# TASK DIRECTIONS
Your copy should hold only the lines from the one with "Hello makers, how's" to the one with "Hydrodissection, hydrodelineation, lens", both included, each exactly as it stands below, with no pictures.

# SOURCE MATERIAL

• • • • • • •

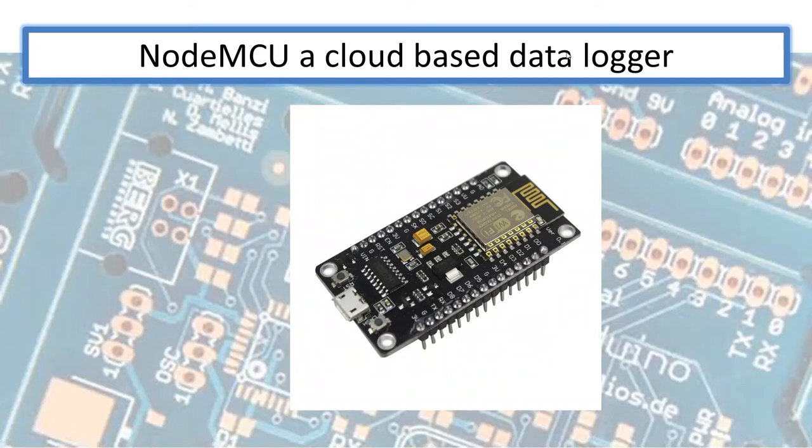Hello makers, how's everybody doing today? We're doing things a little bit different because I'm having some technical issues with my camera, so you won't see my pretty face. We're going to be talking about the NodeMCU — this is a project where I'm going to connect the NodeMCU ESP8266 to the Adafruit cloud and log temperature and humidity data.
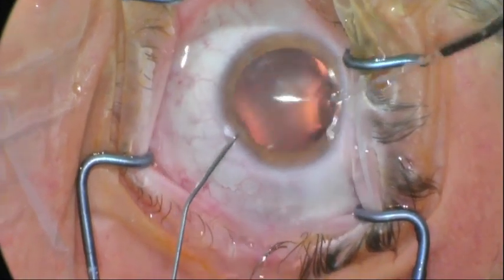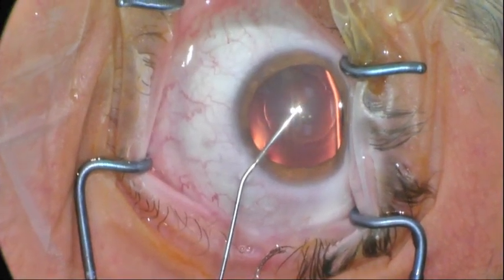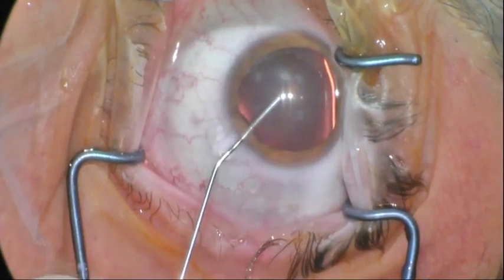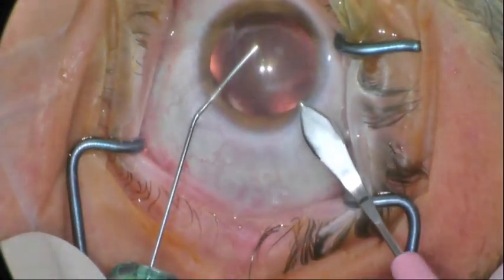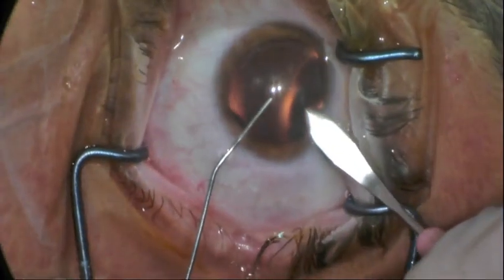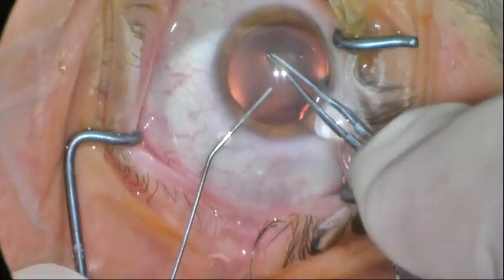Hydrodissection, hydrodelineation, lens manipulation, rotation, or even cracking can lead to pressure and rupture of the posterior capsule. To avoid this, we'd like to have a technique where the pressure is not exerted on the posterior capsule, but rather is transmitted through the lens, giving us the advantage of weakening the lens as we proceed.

• • • • • • •

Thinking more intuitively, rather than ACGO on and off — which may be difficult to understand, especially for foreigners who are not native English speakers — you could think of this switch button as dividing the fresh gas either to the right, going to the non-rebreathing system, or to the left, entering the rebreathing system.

• • • • • • •

# ANSWER TO THIS TASK
Hello makers, how's everybody doing today? We're doing things a little bit different because I'm having some technical issues with my camera, so you won't see my pretty face. We're going to be talking about the NodeMCU — this is a project where I'm going to connect the NodeMCU ESP8266 to the Adafruit cloud and log temperature and humidity data.
Hydrodissection, hydrodelineation, lens manipulation, rotation, or even cracking can lead to pressure and rupture of the posterior capsule. To avoid this, we'd like to have a technique where the pressure is not exerted on the posterior capsule, but rather is transmitted through the lens, giving us the advantage of weakening the lens as we proceed.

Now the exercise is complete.